鉄道車両はもとより、今後の自動車のブレーキ装置は、機構の異なる二種類のブレーキ制御装置が並列に接続された構成となりつつある。このような、ブレーキ制御装置では、2つの制御装置が相互干渉しないブレーキ制御方法が必須である。特に、雨天時など滑走が発生しやすいときは、制御方法が複雑になる。
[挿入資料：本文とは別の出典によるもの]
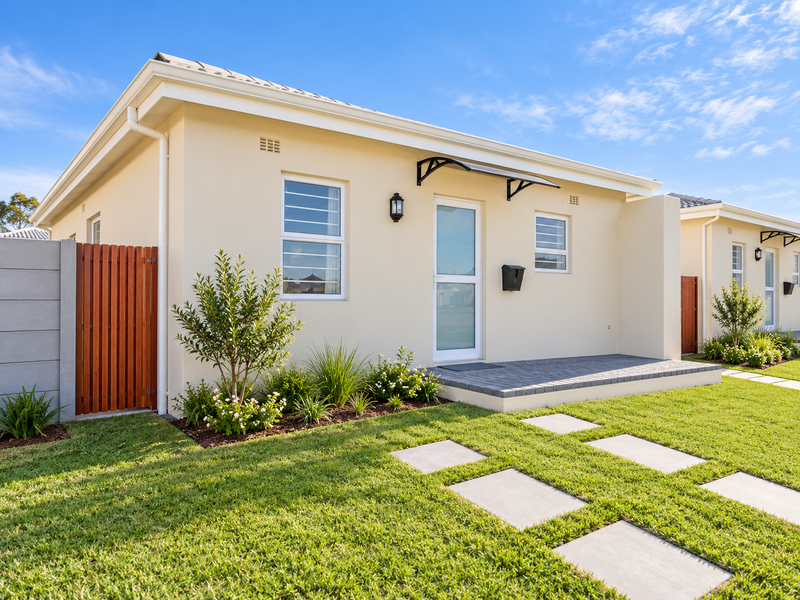A well-maintained modern single-story home exterior featuring a paved walkway, landscaped garden, timber gate, and a covered entrance area.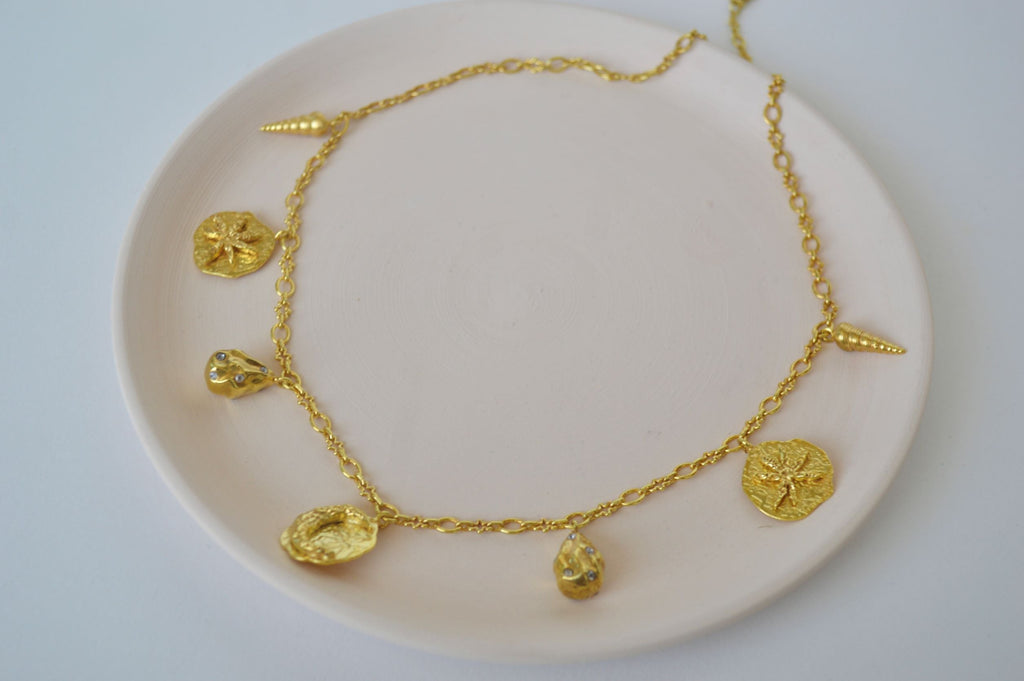 Gold Brass Galaxy Charm Necklaces at Kamakhyaa by The Loom Art. This item is Brass, Cosmic Dream TLA, Fashion Jewellery, For Daughter, Free Size, Gold, Gold Plated, jewelry, Natural, Necklaces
本発明を適用できる鉄道列車のブレーキシステム構成の概要図。 鉄道車両のブレーキ装置の具体的な構成例を示すブロック図。 鉄道車両のブレーキ装置の他の具体的な構成例を示すブロック図。 本発明の一実施例による列車制御装置1における制動制御処理フロー図。 本発明の一実施例による電気ブレーキ制御装置(電制)3における制動制御処理フロー図。 本発明の第1の実施例による制御結果の一例を示す動作タイムチャート。 比較例の制動装置の制御動作タイムチャート。 本発明の第2の実施例による制御結果の一例を示す動作タイムチャート。 本発明の第3の実施例による制御結果の一例を示す動作タイムチャート。 本発明の第4の実施例による制御結果の一例を示す動作タイムチャート。 本発明を適用できる鉄道列車のブレーキ装置の制御単位の異なる第1の具体的な構成例を示すブロック図。 本発明を適用できる鉄道列車のブレーキ装置の制御単位の異なる第2の具体的な構成例を示すブロック図。 本発明を適用できる鉄道列車のブレーキ装置の制御単位の異なる第3の具体的な構成例を示すブロック図。 本発明を適用できる鉄道列車のブレーキ装置の制御単位の異なる第4の具体的な構成例を示すブロック図。 本発明の第5の実施例による制御結果の一例を示す動作タイムチャート。
符号の説明
1…列車制御装置、2…車両駆動装置、3…電気ブレーキ制御装置(電制)、4…空気ブレーキ制御装置(空制)、5…車輪(車軸)、6…車両、SS…滑走検知信号、B3…電気ブレーキ制御装置への減速力指令、B4…空気ブレーキ制御装置への減速力指令、B0…総合減速力指令、A3…電気ブレーキの減速力、A4…空気ブレーキの減速力。

Claims (16)

  1. 動輪に回転力を与えて移動体を加速し、前記動輪に減速力を与えて前記移動体を減速させる車両駆動装置と、前記動輪に並列的に減速力を与える2つの独立した減速制御装置と、前記動輪の滑走を検知する滑走検知装置を備えた移動体の制動装置において、前記動輪の滑走を検知したとき、一方の前記減速制御装置への減速力指令を保持するとともに、他方の前記減速制御装置への減速力指令を、滑走を検知する毎に低減する手段を備えたことを特徴とする移動体の制動装置。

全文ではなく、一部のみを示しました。